Als we vertrekken miezert het een beetje, is het mistig en 18 graden. We hebben gisteravond besloten dat we dit weer niet geslaagd vinden en lager op de berghelling gaan kijken of het beter is. Het grote dalen kan beginnen. Het groen is weelderig met veel bloeiende planten, varenpalmen en hoge bomen vanwaar het Spaanse mos naar beneden hangt. Een beetje Ierland in de zomer. Beide sprookjesachtig, maar toch zo anders.
Ook vandaag lijkt weer een bijzondere dag voor hindoes. Op veel plaatsen zien we mensen in het wit op weg naar de tempel. Zou het toch de zondag zijn? Bij de tempel Bali Agung stoppen we. Een jonge man vraagt of we de fietsen veilig in de berm willen zetten. Hij legt uit dat de ceremonies bij de subak, het Balinese irrigatiesysteem, horen. Als we een sarong omdoen en niet menstrueren mogen we de tempel ingaan. Het voelt toch altijd bijzonder om zo uitgenodigd te worden.

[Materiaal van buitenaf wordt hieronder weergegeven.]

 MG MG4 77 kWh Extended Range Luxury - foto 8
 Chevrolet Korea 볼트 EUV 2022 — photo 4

Hij reageert positief als hij hoort dat we uit Nederland komen. Voor hem geen negatief beeld van de koloniale periode. Juist toen hebben Nederlanders actief bijgedragen aan verbetering van het watersysteem. Door de verdeling van water is niet alleen noord Bali nu vruchtbaar, maar ook het zuidelijk deel.
Als we om de tempel lopen zien we hoe de versieringen worden gemaakt. Het lijkt wel een beetje op een praalwagen voor carnaval in Nederland.

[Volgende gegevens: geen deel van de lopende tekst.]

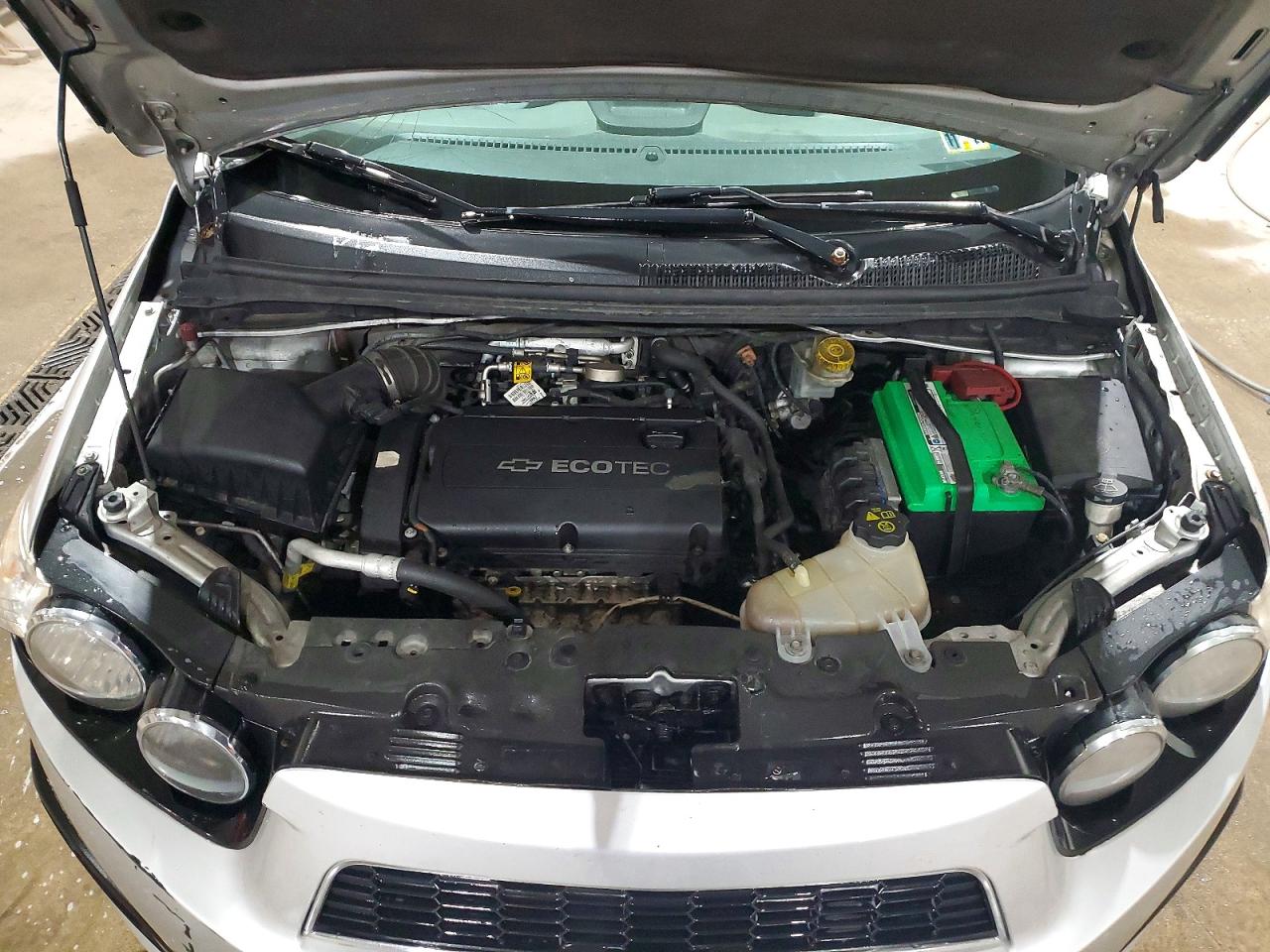 2014 CHEVROLET SONIC LT photo 31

Aan het eind van de ochtend komen we aan bij ons hotel. Het ligt aan de rand van de rijstvelden. Het toegangspad naar ons huisje loopt parallel aan het waterverdeelsysteem. Ons uitzicht is over de rijst is zoveel beter dan die mist van vanochtend, zelfs als het regent.
Onze middagwandeling, het is immers zondag, was overweldigend. Zo groen, zo mooi. De sawa’s met rijst, de met mos begroeide tempel, zelfs suikerriet. Wat zullen we dit gaan missen. Morgen onze laatste fietsdag op Bali, op weg naar Seminyak.
Die sarong is top! Volgende keer wel je jekkie uit voor de foto 😉 Geweldige avontuur!